A la rencontre d’une reine camerounaise…contemporaine

Françoise Alima Messi est l’épouse de sa majesté René Désiré Effa, ce roi qui a initié et élevé le Président Paul Biya au rite et rang traditionnel du «Nnome Ngui»

Si les administrations coloniales et certaines d’aujourd’hui ont institué les titres de Chef traditionnel, supérieur, de tel ou tel autre degré, ces personnalités africaines sont des Rois, dont la notoriété ne se borne pas à des tenues officielles ridicules que les administrations en place imposent, voulant en faire des sous- agents administratifs à leurs ordres…. Ces Rois règnent et leurs épouses – ils sont en général polygames – les Reines, ont des rôles prépondérants dans la vie et les réalités du quotidien de leurs contemporains.

Nous avons rencontré la Reine Alima Messi Françoise, une des épouses de Sa Majesté Effa, ce Roi qui a initié et élevé le Président Paul Biya au rite et rang traditionnel du «Nnome Ngui ». Cette fille Etenga de Bikop, dans la Mefou Akono, et femme boulou de Ngonebock, dans le sud Cameroun est conseiller d’orientation, mais aussi doctorante en psychologie sociale à l’Université de Yaoundé 1. Sa recherche est une étude sur l’influence sociale dans le leadership traditionnel africain.

Pourquoi avez-vous choisi ce sujet ?

Françoise Alima Messi : « C’est pour épauler mon époux.

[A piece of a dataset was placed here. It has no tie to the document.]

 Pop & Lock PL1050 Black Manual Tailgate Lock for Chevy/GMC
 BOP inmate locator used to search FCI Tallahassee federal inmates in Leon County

Je suis mariée à un Chef Supérieur. L’une de mes priorités est d’être au top non seulement en tant qu’épouse, mais dans bien d’autres domaines. Je veux mettre la psychologie au service de la chefferie traditionnelle. Nous sommes certes dans un pays moderne et contemporain mais, en Afrique, il y a cette cohabitation de deux pouvoirs : le traditionnel et le moderne. Ils sont antinomiques, pourtant ils doivent évoluer ensemble. Il se pose le problème d’une nouvelle dynamisation de nos valeurs ancestrales qui vont nous servir d’appui pour faire face à la mondialisation. Les institutions traditionnelles ont donc besoin d’un accompagnement psychologique dans le cadre d’un management moderne des chefferies, d’où le choix de mon sujet. »

Françoise Alima Messi.
Droits réservés)/n

Vos recherches ont-elles des approches spécifiques à la vie des Africaines au quotidien ?
Françoise Alima Messi : « Parfaitement! Au sein de la chefferie, je pratique la psychologie appliquée. Les femmes africaines vivent beaucoup de situations dramatiques. Dans le cas d’exemple de la succession et de l’héritage, aux yeux de la loi, tous les enfants ont les mêmes droits. Mais dans la pratique, c’est autre chose. Les filles sont déshéritées et abandonnées à elles-mêmes dans certaines familles. Je me dois de leur trouver du réconfort. Il y a aussi une autre réalité qui fait beaucoup de mal dans nos chefferies traditionnelles. C’est la polygamie. L’une de ses particularités est de tuer le bel amour des femmes pour leur conjoint, les transformant en actrices qui jouent un rôle, un personnage. Vous savez, une femme, même mariée au plus grand coureur de jupon, tant qu’elle est dans la monogamie, se sent en sécurité même de façon illusoire. Vivre la réalité de la polygamie n’est pas toujours évident. Pour accepter de partager son époux, il faut éteindre en soi la flamme qui brûle pour lui, et jouer. Ainsi, il peut entrer et sortir sans que son absence ne vous fasse de mal. Le danger est que l’homme peut ne plus se sentir aimé, car en réalité, il ne l’est plus. Alors, en quête d’amour, il va voir ailleurs ; c’est pourquoi il est plus facile pour un homme qui a déjà une deuxième femme d’en chercher une troisième, et ainsi de suite.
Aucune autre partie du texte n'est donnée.